**Data in this exercise:**
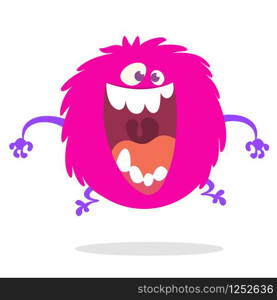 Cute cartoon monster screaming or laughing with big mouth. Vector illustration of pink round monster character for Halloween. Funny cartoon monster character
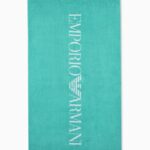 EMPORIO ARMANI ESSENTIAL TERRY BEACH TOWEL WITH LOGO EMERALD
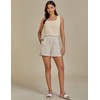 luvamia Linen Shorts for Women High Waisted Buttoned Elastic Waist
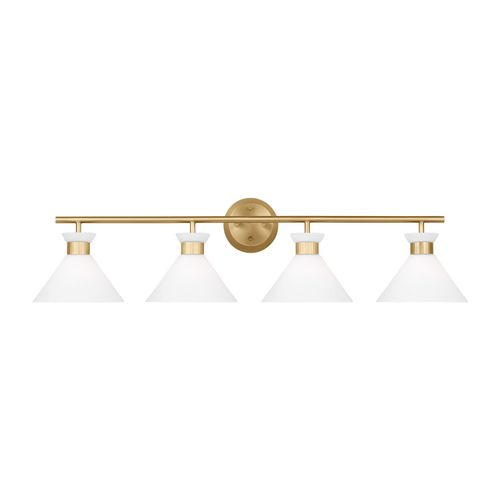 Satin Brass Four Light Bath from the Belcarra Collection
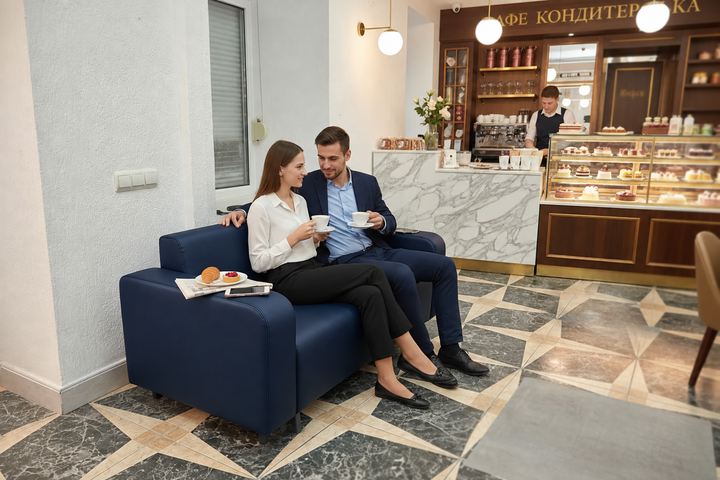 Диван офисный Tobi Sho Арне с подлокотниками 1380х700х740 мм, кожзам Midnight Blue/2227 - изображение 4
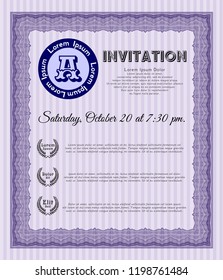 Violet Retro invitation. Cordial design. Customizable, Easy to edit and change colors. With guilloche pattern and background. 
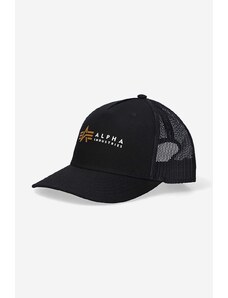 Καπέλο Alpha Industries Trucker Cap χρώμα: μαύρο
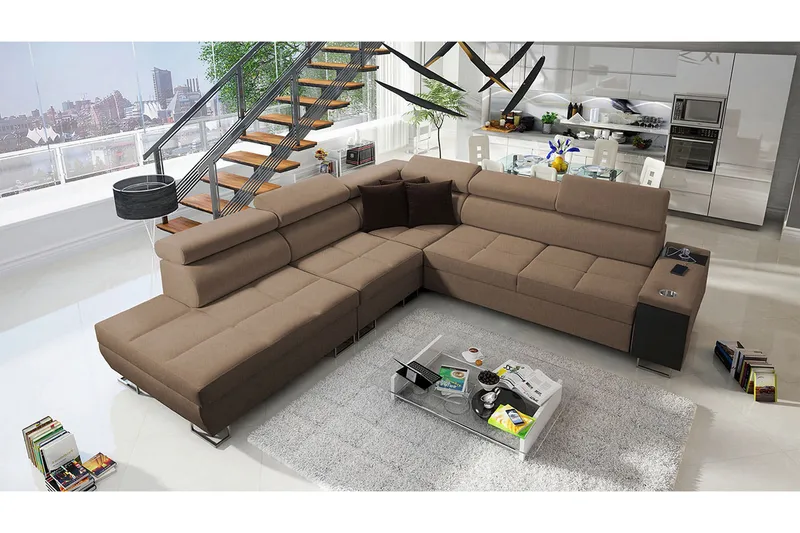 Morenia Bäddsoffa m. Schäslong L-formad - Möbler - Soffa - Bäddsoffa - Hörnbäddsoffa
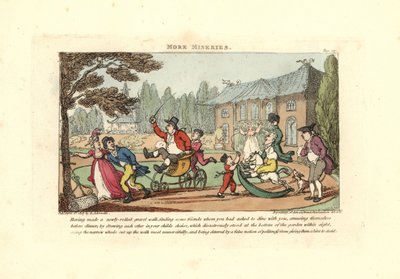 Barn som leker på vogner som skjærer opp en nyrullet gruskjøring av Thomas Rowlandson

**Problem to work on:** Word for word, restate all of the data, but do not copy the pictures.

**Completed task:**
 Cute cartoon monster screaming or laughing with big mouth. Vector illustration of pink round monster character for Halloween. Funny cartoon monster character
 EMPORIO ARMANI ESSENTIAL TERRY BEACH TOWEL WITH LOGO EMERALD
 luvamia Linen Shorts for Women High Waisted Buttoned Elastic Waist
 Satin Brass Four Light Bath from the Belcarra Collection
 Диван офисный Tobi Sho Арне с подлокотниками 1380х700х740 мм, кожзам Midnight Blue/2227 - изображение 4
 Violet Retro invitation. Cordial design. Customizable, Easy to edit and change colors. With guilloche pattern and background. 
 Καπέλο Alpha Industries Trucker Cap χρώμα: μαύρο
 Morenia Bäddsoffa m. Schäslong L-formad - Möbler - Soffa - Bäddsoffa - Hörnbäddsoffa
 Barn som leker på vogner som skjærer opp en nyrullet gruskjøring av Thomas Rowlandson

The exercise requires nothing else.